- _What you will do_: A verbatim reproduction of the lines below, from the line containing "Бланк ответов №" through the line containing "tauchplatz_schlierwand", both ends included, is the whole required output.

- _Data for this exercise_:
·····

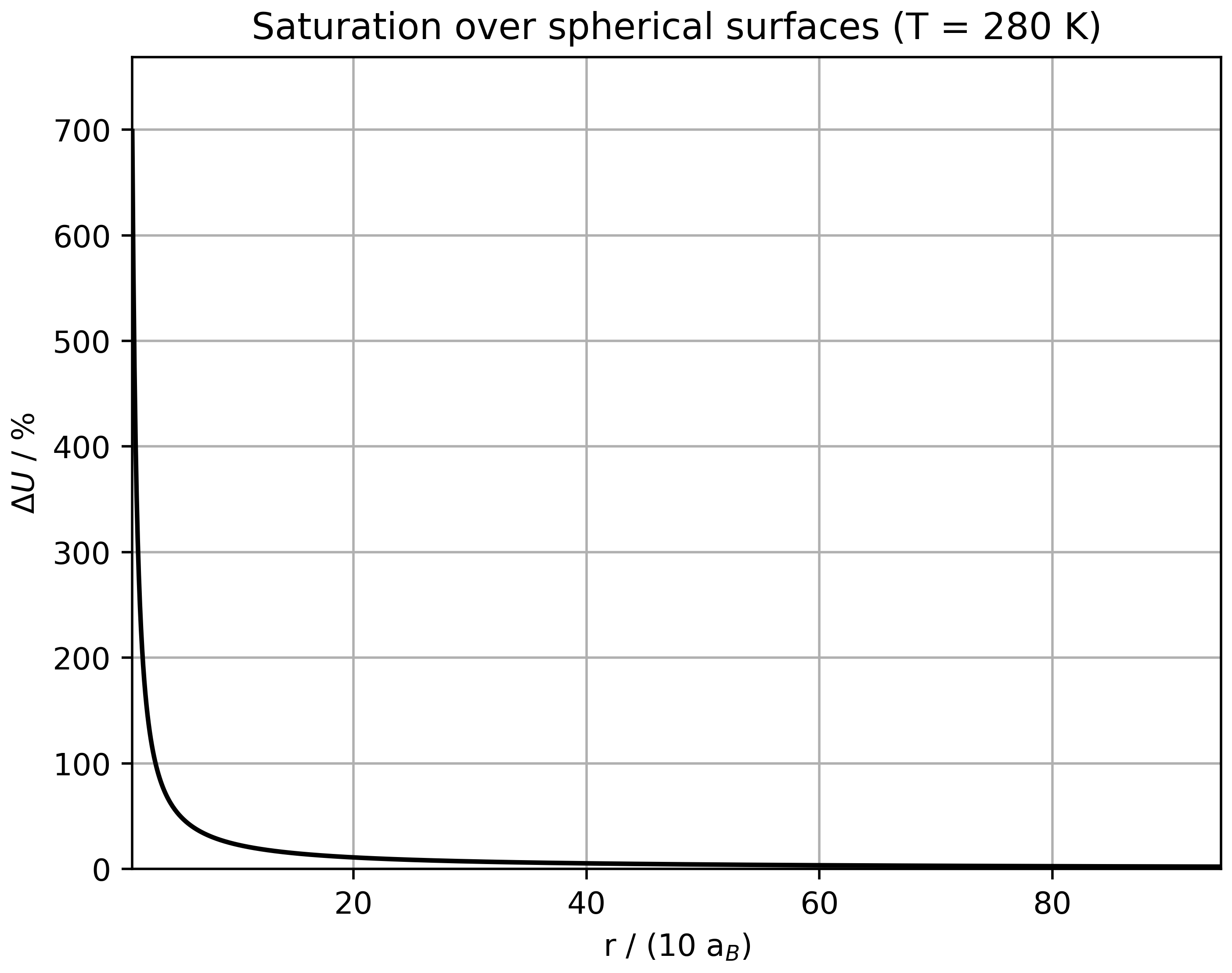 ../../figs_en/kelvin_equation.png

·····

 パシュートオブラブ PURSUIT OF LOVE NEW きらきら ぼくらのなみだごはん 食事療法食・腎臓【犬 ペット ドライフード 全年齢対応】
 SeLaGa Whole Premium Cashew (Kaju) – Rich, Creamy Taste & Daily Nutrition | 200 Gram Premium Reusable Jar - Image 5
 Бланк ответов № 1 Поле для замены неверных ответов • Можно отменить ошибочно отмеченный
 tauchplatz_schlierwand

·····

- _Answer below_:
 Бланк ответов № 1 Поле для замены неверных ответов • Можно отменить ошибочно отмеченный
 tauchplatz_schlierwand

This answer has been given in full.